Exercise requirements
From the data below, retype exactly the lines starting with the one that contains "eagle burgmann Four" and ending with the one that contains "A wicker coffin", both included.

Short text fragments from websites
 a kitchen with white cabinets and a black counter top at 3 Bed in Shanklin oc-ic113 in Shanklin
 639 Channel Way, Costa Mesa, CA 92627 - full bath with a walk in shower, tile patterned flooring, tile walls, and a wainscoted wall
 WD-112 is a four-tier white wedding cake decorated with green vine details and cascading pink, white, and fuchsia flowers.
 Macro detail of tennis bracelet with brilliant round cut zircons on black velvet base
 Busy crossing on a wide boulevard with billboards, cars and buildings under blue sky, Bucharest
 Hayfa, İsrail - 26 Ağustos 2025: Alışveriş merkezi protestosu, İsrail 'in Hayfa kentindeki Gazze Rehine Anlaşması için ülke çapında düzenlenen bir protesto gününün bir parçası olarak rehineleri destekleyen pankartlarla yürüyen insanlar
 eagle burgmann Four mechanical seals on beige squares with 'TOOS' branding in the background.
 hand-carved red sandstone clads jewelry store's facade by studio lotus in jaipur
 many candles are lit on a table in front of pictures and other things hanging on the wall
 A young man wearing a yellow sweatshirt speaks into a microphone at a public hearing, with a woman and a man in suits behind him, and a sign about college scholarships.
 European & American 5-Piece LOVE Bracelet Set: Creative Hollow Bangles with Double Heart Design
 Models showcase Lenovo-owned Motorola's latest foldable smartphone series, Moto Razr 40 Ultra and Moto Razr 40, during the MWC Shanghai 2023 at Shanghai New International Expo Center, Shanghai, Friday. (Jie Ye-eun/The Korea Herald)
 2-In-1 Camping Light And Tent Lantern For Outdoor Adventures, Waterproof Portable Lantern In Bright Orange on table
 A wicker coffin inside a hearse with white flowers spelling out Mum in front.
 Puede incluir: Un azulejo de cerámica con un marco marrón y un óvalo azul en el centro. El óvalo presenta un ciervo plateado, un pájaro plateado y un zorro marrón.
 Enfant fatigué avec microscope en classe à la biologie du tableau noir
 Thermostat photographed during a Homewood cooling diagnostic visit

Output below
 eagle burgmann Four mechanical seals on beige squares with 'TOOS' branding in the background.
 hand-carved red sandstone clads jewelry store's facade by studio lotus in jaipur
 many candles are lit on a table in front of pictures and other things hanging on the wall
 A young man wearing a yellow sweatshirt speaks into a microphone at a public hearing, with a woman and a man in suits behind him, and a sign about college scholarships.
 European & American 5-Piece LOVE Bracelet Set: Creative Hollow Bangles with Double Heart Design
 Models showcase Lenovo-owned Motorola's latest foldable smartphone series, Moto Razr 40 Ultra and Moto Razr 40, during the MWC Shanghai 2023 at Shanghai New International Expo Center, Shanghai, Friday. (Jie Ye-eun/The Korea Herald)
 2-In-1 Camping Light And Tent Lantern For Outdoor Adventures, Waterproof Portable Lantern In Bright Orange on table
 A wicker coffin inside a hearse with white flowers spelling out Mum in front.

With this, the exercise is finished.